1. Un documento pubblicato nel marzo 2017 proclamava che l’UE e la Nato “devono essere pienamente preparate per quando la Bielorussia dovrà scegliere tra Est e Ovest”. Due mesi dopo, un documento di ricerca sulla debolezza dell’Unione Economica Eurasiatica, di cui fa parte la Bielorussia, identificava la probabilità di future proteste popolari contro il governo Lukashenko.
2. Il 25 novembre 2019 si è tenuta una conferenza intitolata “Sta cambiando qualcosa in Bielorussia?”

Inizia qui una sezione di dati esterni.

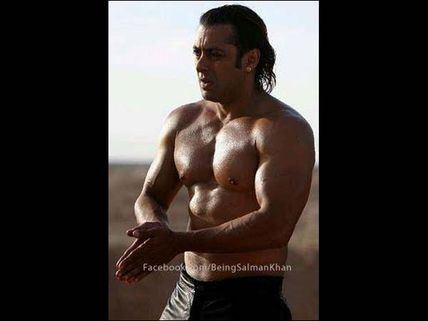 SEE PICTURE: Salman Khan looks macho and drop dead without shirt!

3. Il 30 luglio 2020, prima delle elezioni, The Economist (portavoce della City) titolava “Il modo giusto per liberarsi del Presidente Lukashenko”.
4. Dopo le elezioni, il 12 agosto scorso, si è tenuto un forum a Chatham House sul tema “Bielorussia: è ora di giocare duro”.

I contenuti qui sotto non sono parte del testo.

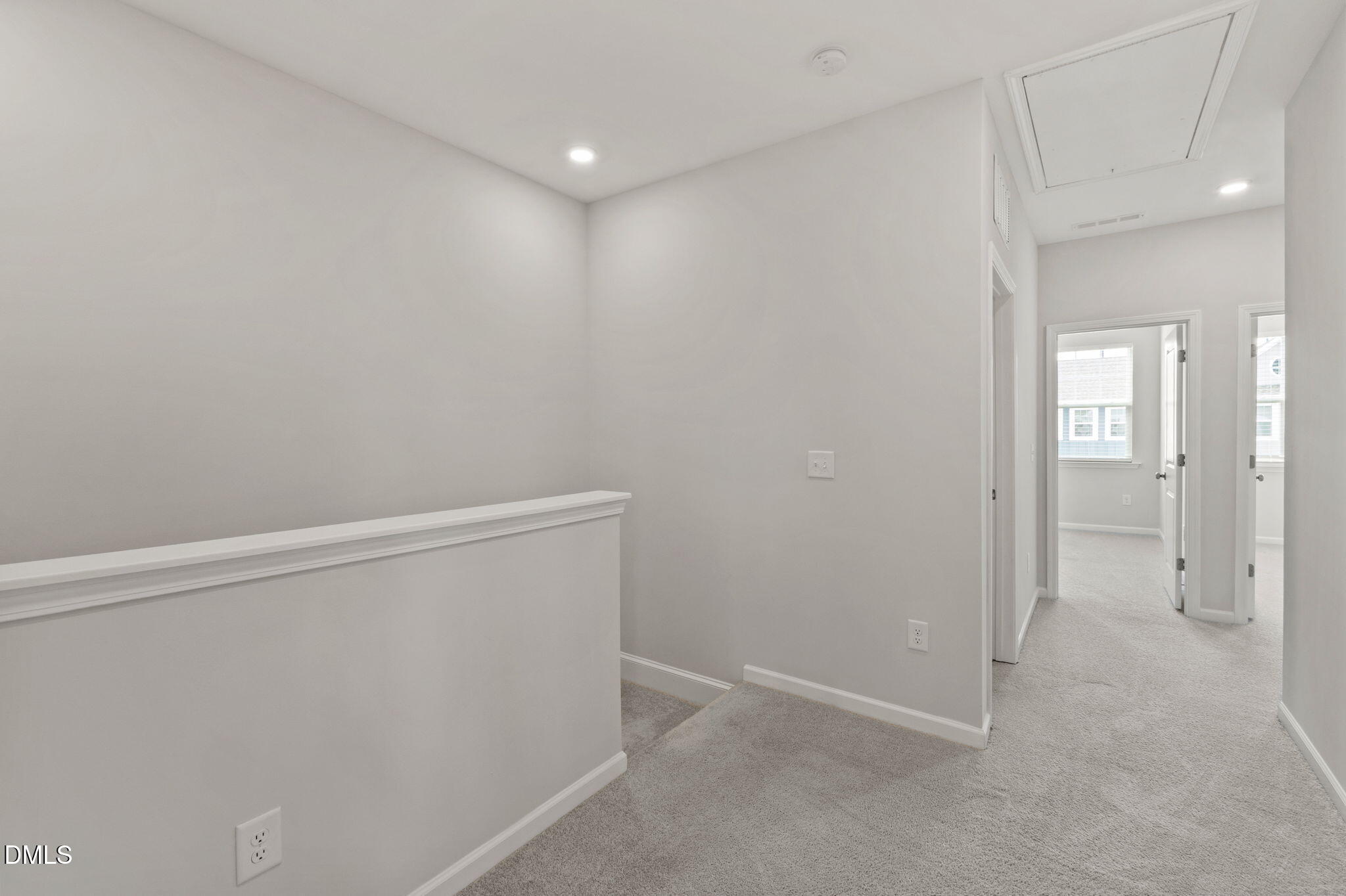 1039 Commack Drive Property Photo 20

5. Il 10 settembre scorso l’organo di Chatham House ospitava un commento che era una ricetta per il cambiamento di regime, intitolato “Sette modi in cui l’Occidente può aiutare la Bielorussia”. L’articolo delineava “i passi chiave che i governi, le istituzioni internazionali e le ONG possono fare per porre fine alle sofferenze del popolo bielorusso”. Questi passi rispecchiano l’operazione che fu lanciata in Ucraina nel febbraio 2014, culminata nel “golpe del Maidan”. Si comincia con il non riconoscimento di Lukashenko, per poi passare alla “presenza sul campo”, come nel caso di Victoria Nuland e dei vari politici europei a Kiev; poi si offre un pacchetto di “sostegno economico” (come quello del FMI che ha devastato l’economia ucraina) ed infine, si adottano “sanzioni politiche ed economiche”. Queste ultime misure mettono in risalto l’ipocrisia del piano, che prima sostiene di voler “porre fine alle sofferenze” del popolo e poi raccomanda le sanzioni.
6. L’11 settembre Chatham House ha indetto una tavola rotonda intitolata “uno sguardo più approfondito sulle proteste in Bielorussia” e
7. Il 29 settembre un seminario intitolato “Crisi in Bielorussia: che cosa è in gioco?”.